Your answer must match, word for word, the lines from the one holding "玉米面粉，纯天然绿色食品，玉" through the final line below, with pictures excluded.

· · · ·

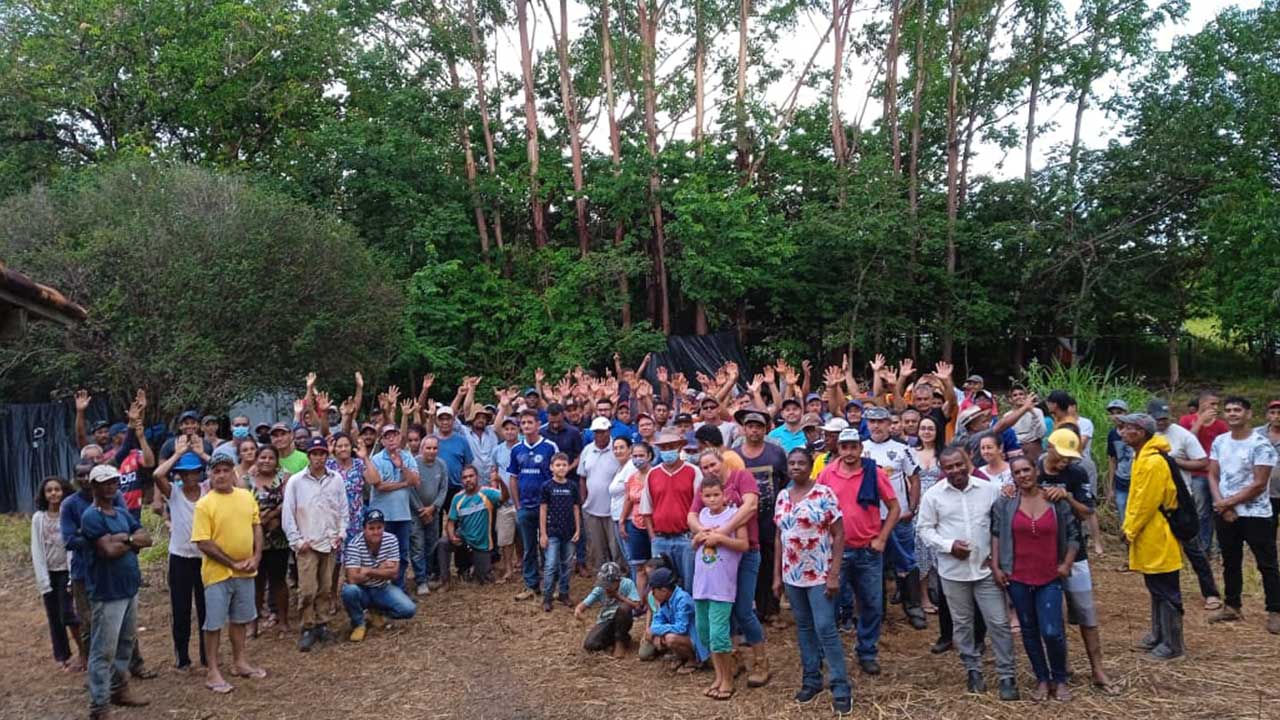 Justiça determina saída de invasores sem terra de fazenda da Vallourec em Brasilândia de Minas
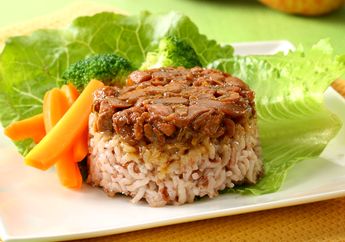 Ingin Kenyang Lebih Lama? Isi Perut dengan Nasi Tim Beras Merah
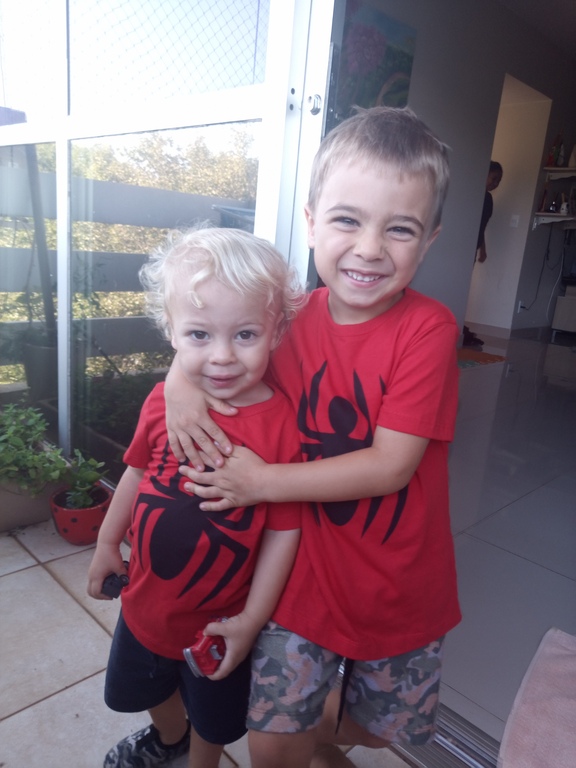 Nossos meninos.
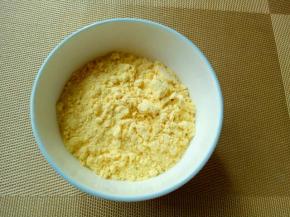 玉米面粉，纯天然绿色食品，玉米是朋友的杜琼自己种的，粉是自己磨的，宝贝吃健康，麻麻才安心(^_^)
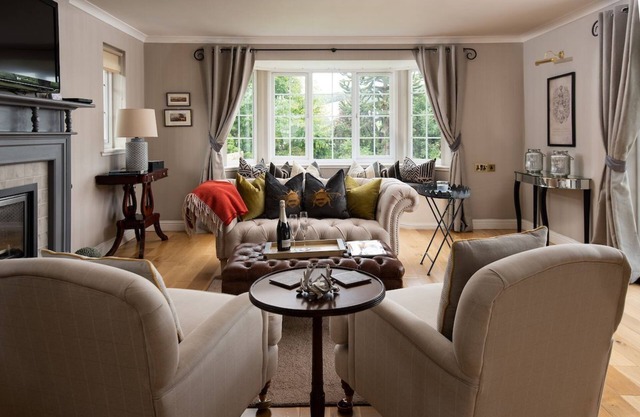 THE LAURELS, Jedburgh - sleeps 2+2 in 2 bedrooms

· · · ·

Answer to this problem:
 玉米面粉，纯天然绿色食品，玉米是朋友的杜琼自己种的，粉是自己磨的，宝贝吃健康，麻麻才安心(^_^)
 THE LAURELS, Jedburgh - sleeps 2+2 in 2 bedrooms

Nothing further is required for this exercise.